O Tamaiti is shot in black and white which makes the film visually very interesting, and gives a strong sense of contrast which adds to the drama and the tragic feel of the film.   Black and white was also used intentionally by Sima to dispel the stereotypical images of Pacific Islanders as a kitsch culture full of colourful paraphernalia, and I felt this worked very well.

I felt the film was executed very well and suited the short film format.

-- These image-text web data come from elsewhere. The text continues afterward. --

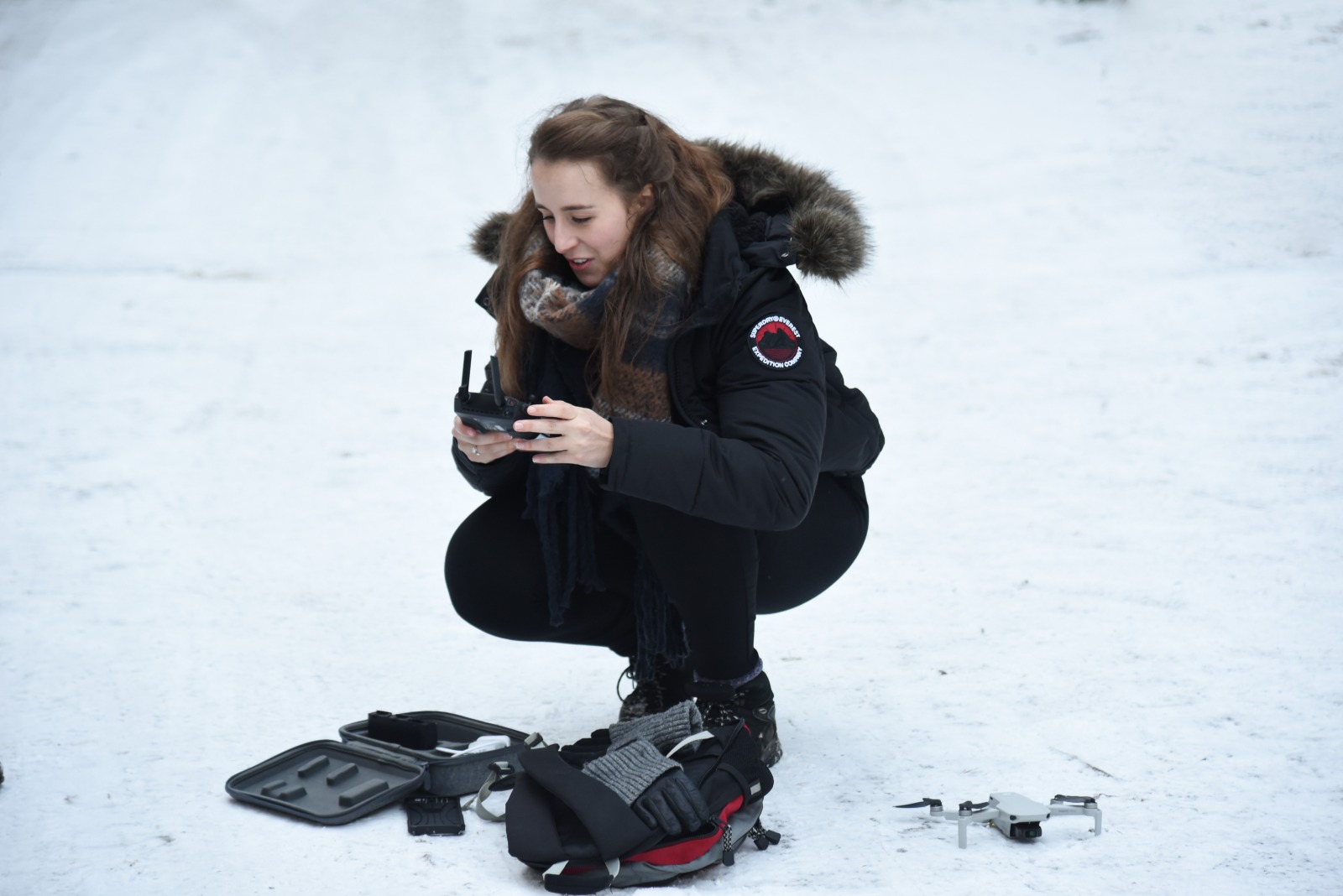 Erin with photo equipment in the snow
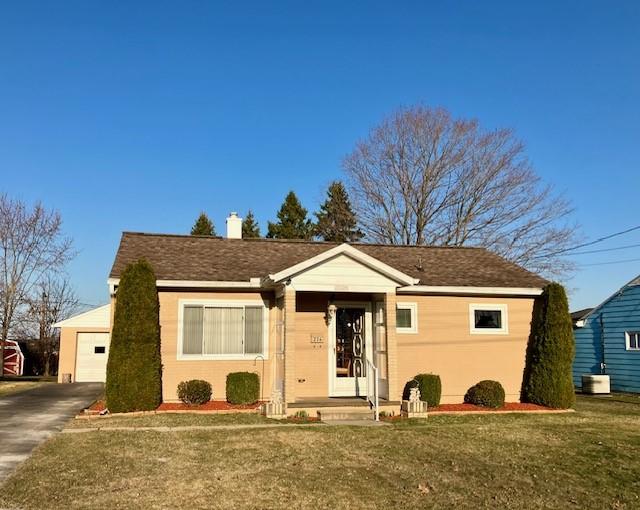 bungalow-style house featuring a chimney, central AC unit, concrete driveway, and a front lawn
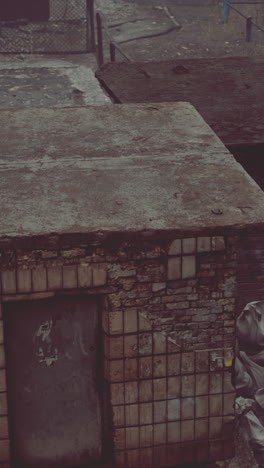 abandoned building with brick wall and rusty roof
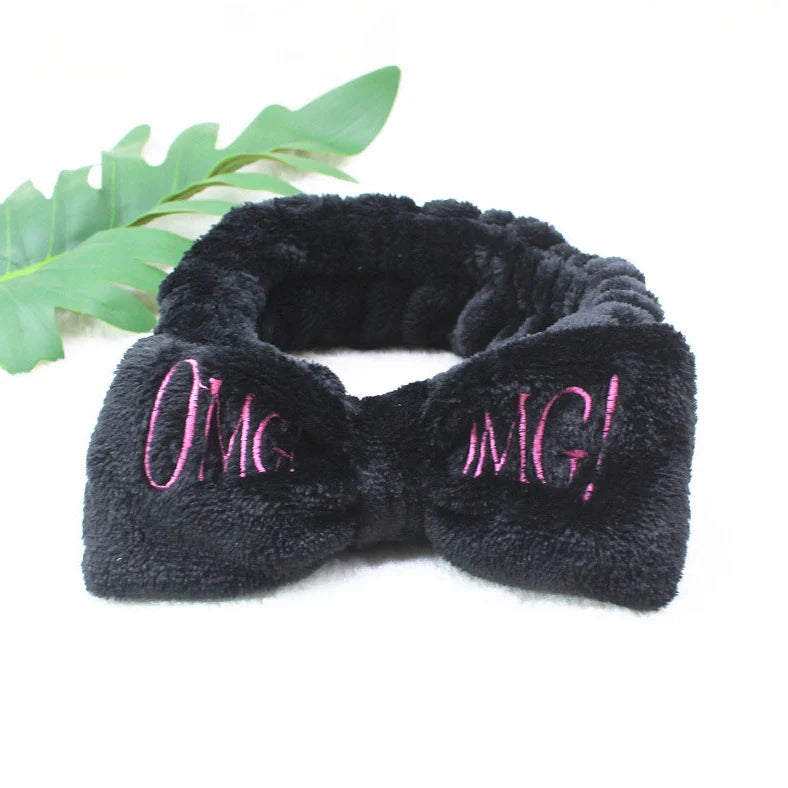 Coral velvet butterfly end hair band in pink with text styling, showing butterfly ends and cloth material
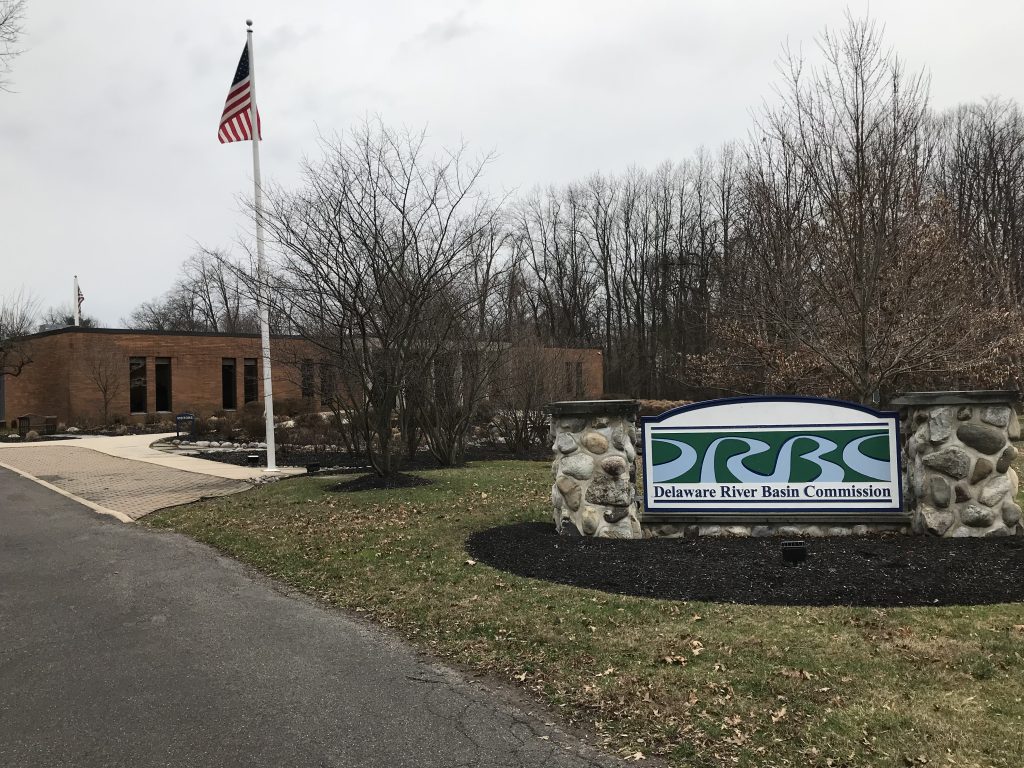 A sign for the Delaware River Basin Commission outside of its brick building headquarters.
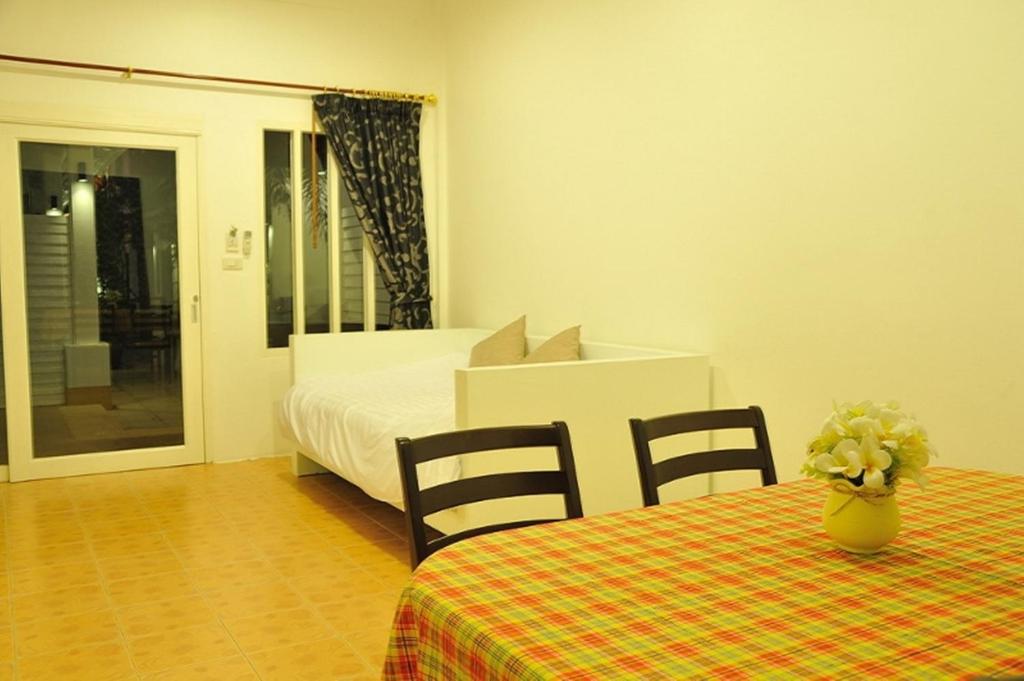 Postel nebo postele na pokoji v ubytování Clear House Phuket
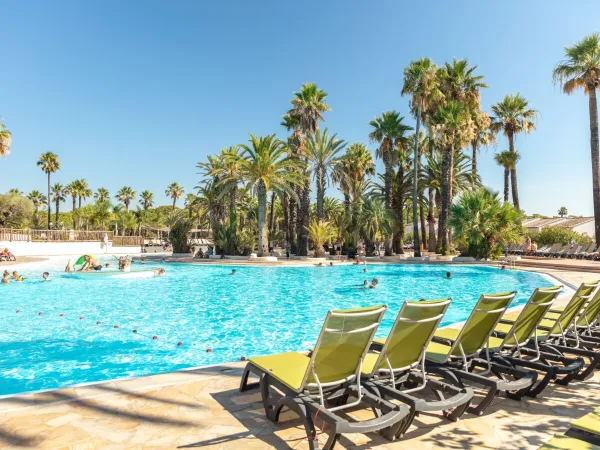 Swimming pool and sunbeds at Roan camping La Baume.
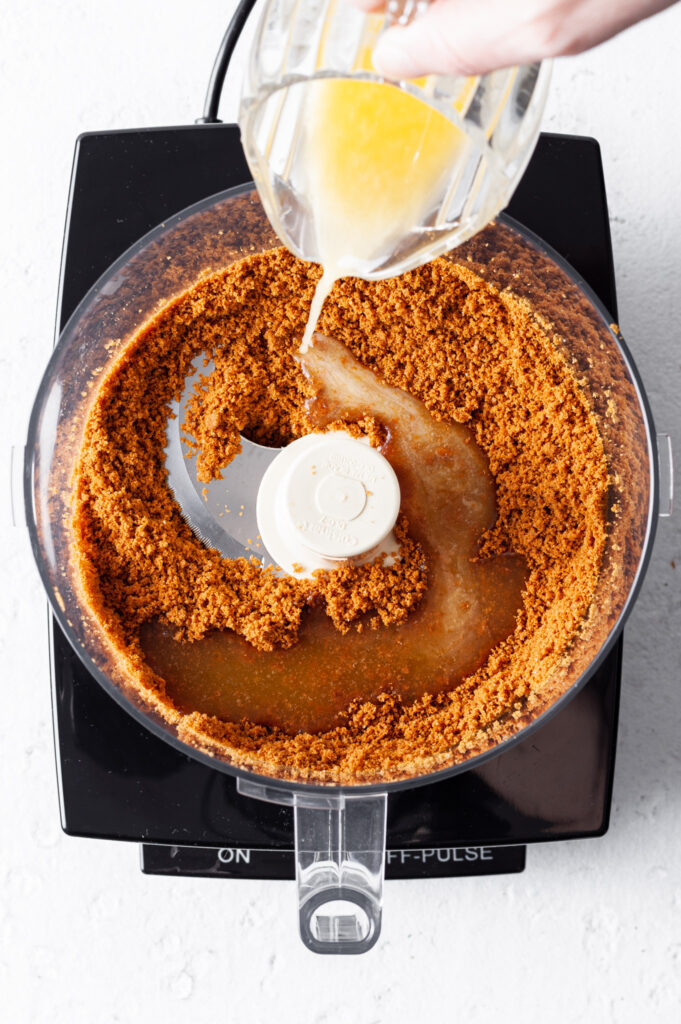 Food processor with cookie crumbs in base and melted vegan butter being drizzled in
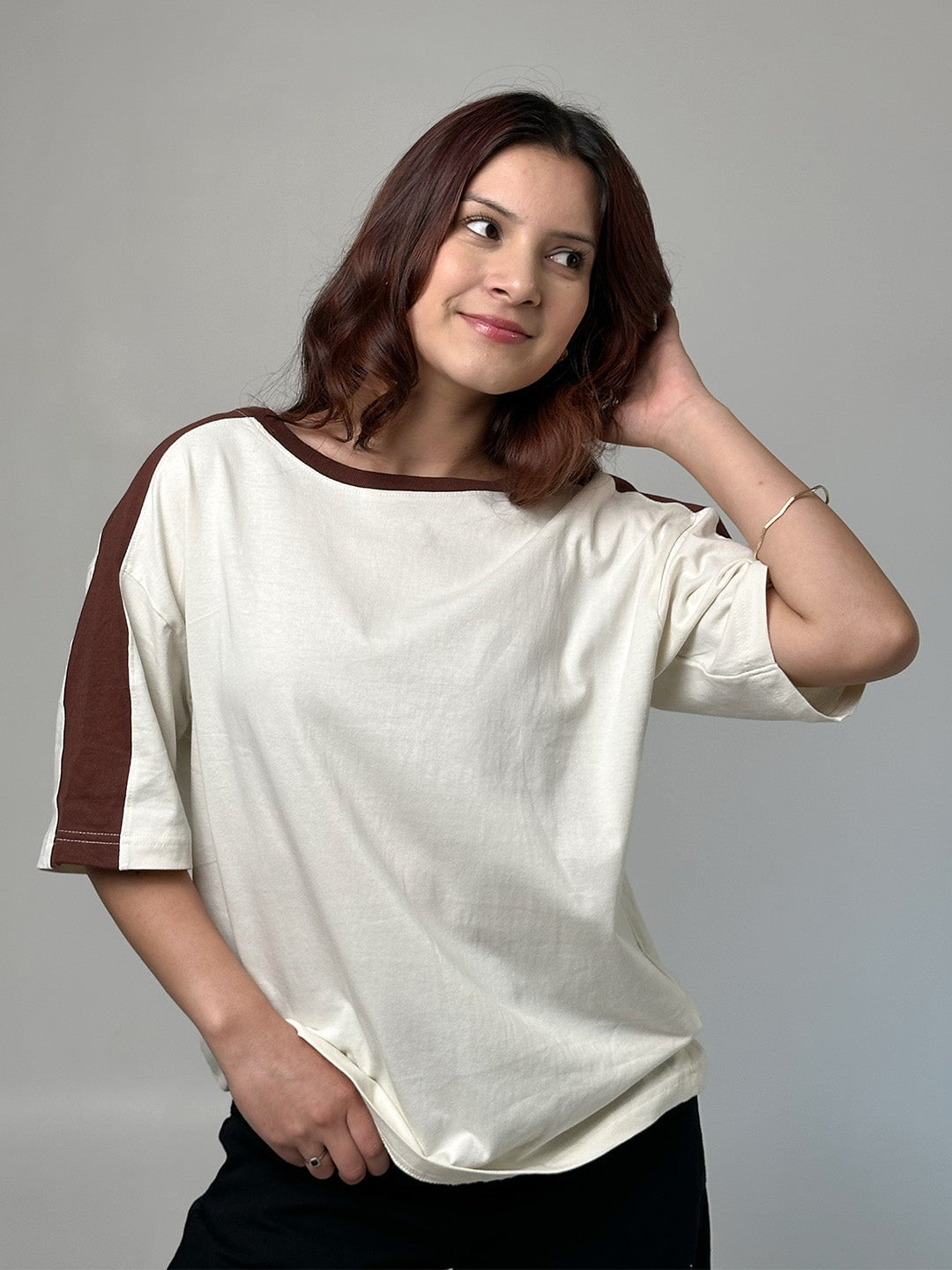 Off White Sage Oversized Raglan T-shirt – cream body with brown sleeve panel, worn by model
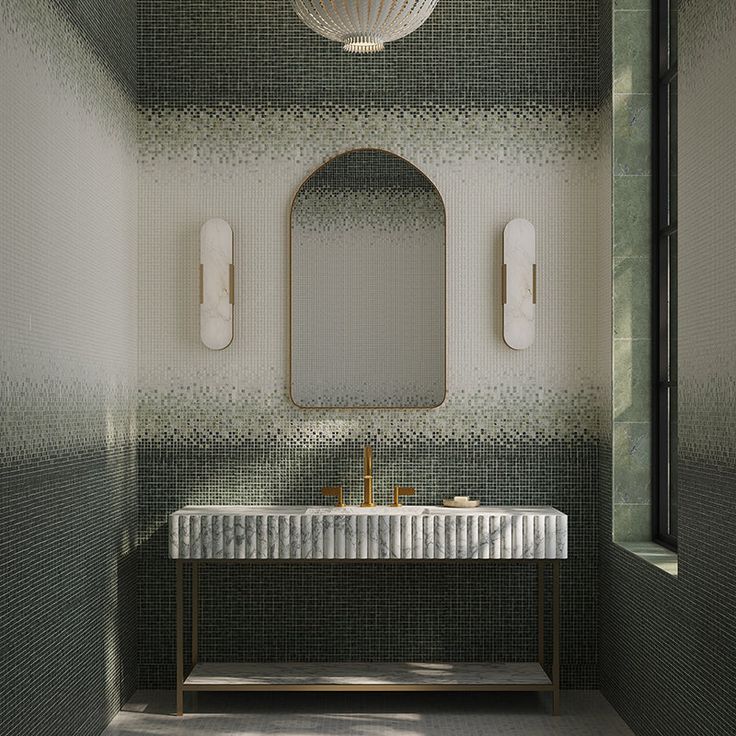 a bathroom with a sink, mirror and two lights on the side of the wall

The various elements of the film came together seamlessly; the lack of visuals of the adult’s faces complemented their lack of attention or concern for the children, and this was then enhanced by the lack of happy music and colour.  Much of the dialogue was in the form of demands on Tino to do this and do that.  All these elements worked brilliantly together to create a very strong film which made it hard for the audience not to empathise with Tino and the heavy burden he was made to bear.

O Tamaiti was inspired by Sima’s own experience as an immigrant child growing up in a mixture of Samoan and Western culture.  She is Samoa’s first female film director.

O Tamaiti received several international awards including the Venice International film festival Award for best short film in 1996.  Other films made my Sima include Velvet dreams, O Tamaiti Still Life, Coffee & Allah and more recently Apron Strings.

The promotional material, I felt was spot on as far as communicating the feel of the film.  I was expecting an intelligent and sensitive film and that is exactly what I got.